CNBC’s Jim Cramer said Friday’s Labor Department job report had satisfied markets, at least for the interim.
The US economy created 379,000 jobs last month and the unemployment rate has fallen. Stocks were able to rebound from their lows and embark on a tough three-day trading route to end the week on a high level.
Economists had forecast that the labor market will grow by 210,000 in February.
“A job number that is strong but not too strong was exactly what this crazy market needed today, although it took Wall Street half a day to figure that out,” Cramer said after graduating from Mad Money.
The major stock indices all rose nearly 2% at close of trading after trading in the red that morning. The Dow Jones Industrial Average rose 572 points, or 1.85%, to close at 31,496.30. After a volatile week, it rose 1.82%. The S&P 500 gained 1.95% on Friday to 3,841.94 and also ended the week in positive territory.
After closing on Red Thursday, the Nasdaq Composite rebounded 1.55% to 12,920.15 on Friday. The tech-heavy index ended the week down 2.06% as growth stocks sold out.
As the US continues to rebound from last year’s coronavirus-induced business lockdowns and restrictions, February’s labor report likely did not do enough to convince the Federal Reserve to raise interest rates to curb inflation if the Economy is growing, said Cramer.
“It was a Hidden Goldilocks report: thanks to the vaccine rollout and reopening, a lot more people will be hired, but not so many that the Fed will be forced to raise interest rates and some will really be left behind.” he said.
Wall Street is on standby to see if the uptrend continues or the downward trend in stocks resumes. The bond market remains in control, however, as investors continue to switch from high-growth stocks to value-driven and cyclical names until rising government bond yields stabilize, Cramer added.
Long-term government bonds are an important factor in lending rates. Higher interest rates make cyclical stocks more attractive and result in investors having less appetite for riskier assets.
“I bet the Bond bullies will be back. So get ready by taking advantage of rallies like this to relax, as we did at the end of the day for my charitable trust and certainly the soaring dreamer stocks and improve the SPACs, “he said. “That way, you have some cash for the real business the next time we get hammered like yesterday afternoon.”
Cramer announced his schedule for the coming week. The earnings per share forecasts are based on FactSet estimates:
Monday: stitch correction
- Q2 2021 Results publication: After Market; Conference call: 5 p.m.
- Estimated losses per share: 22 cents
- Estimated Revenue: $ 512 million
“A great neighborhood isn’t going to produce the kind of explosive reaction we had last time,” said Cramer. “Still, I bet the numbers are better than expected because this is great business.”

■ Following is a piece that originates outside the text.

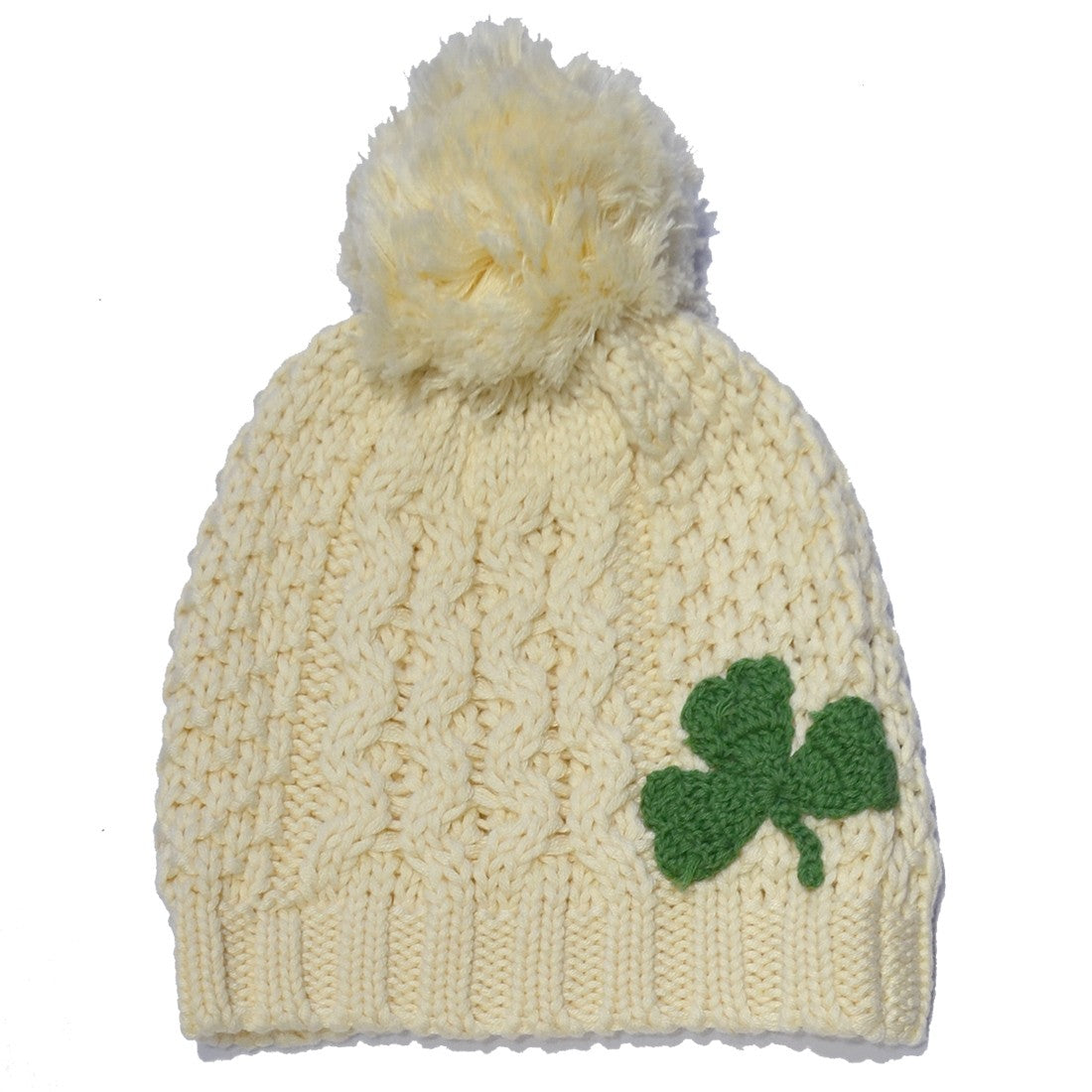 Patrick Francis Ireland Cream Shamrock Kids Knit Hat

Tuesday: Dick’s sporting goods
Dick’s sporting goods
- Q4 2020 earnings release: before the market; Conference call: 10 a.m.
- Projected earnings per share: $ 2.30
- Estimated Revenue: $ 3.07 billion
“I expect Dick’s to come up with a very strong number that could blow up the stock,” he said.
Wednesday: Campbell Soup, Oracle
- Q2 2021 results to be published: before the market; Conference call: 8:00 a.m.
- Projected EPS: 83 cents
- Estimated revenue: $ 2.3 billion
“So far, they haven’t impressed these pantries,” said Cramer. “I can’t go against prevailing wisdom here, although I think this company has won enough of the stay-at-homers with its snack offerings that you don’t get so disappointed and get a 3.2% return on investment.”
- Q3 2021 Results publication: After Market; Conference call: 5 p.m.
- Projected earnings per share: $ 1.11
- Estimated Revenue: $ 10.05 billion
“These are exactly the kind of lower-risk technology stocks that people suddenly start liking … [as opposed to] the high-flyers, “he said.” These are still being torn to pieces so I was ready to recommend Oracle [tonight]but I was hit all the way. A big brokerage house pushed it forward today, increasing its stock 6% and stealing my thunder. “
Thursday: JD.com, Ulta Beauty
- Q4 results published: before the market; Conference call: 7 a.m.
Cramer said JD.com is “one of the few Chinese stocks I like because it’s a different thing from Amazon of China. It’s like Alibaba, which you know I like, but it has one faster growth. “
- Publication of results for the fourth quarter: after market entry; Conference call: 5 p.m.
- Projected earnings per share: $ 2.32
- Estimated Revenue: $ 2.07 billion
“It’s about to see a sales explosion when the country reopens. Ulta switched to e-commerce when the pandemic broke out … but now that we’re being vaccinated, brick and mortar business can make a comeback,” he said . “They’re also launching a new Target collection. I’d be a buyer before this quarter.”
Disclosure: Cramer’s nonprofit Rost owns shares in Amazon.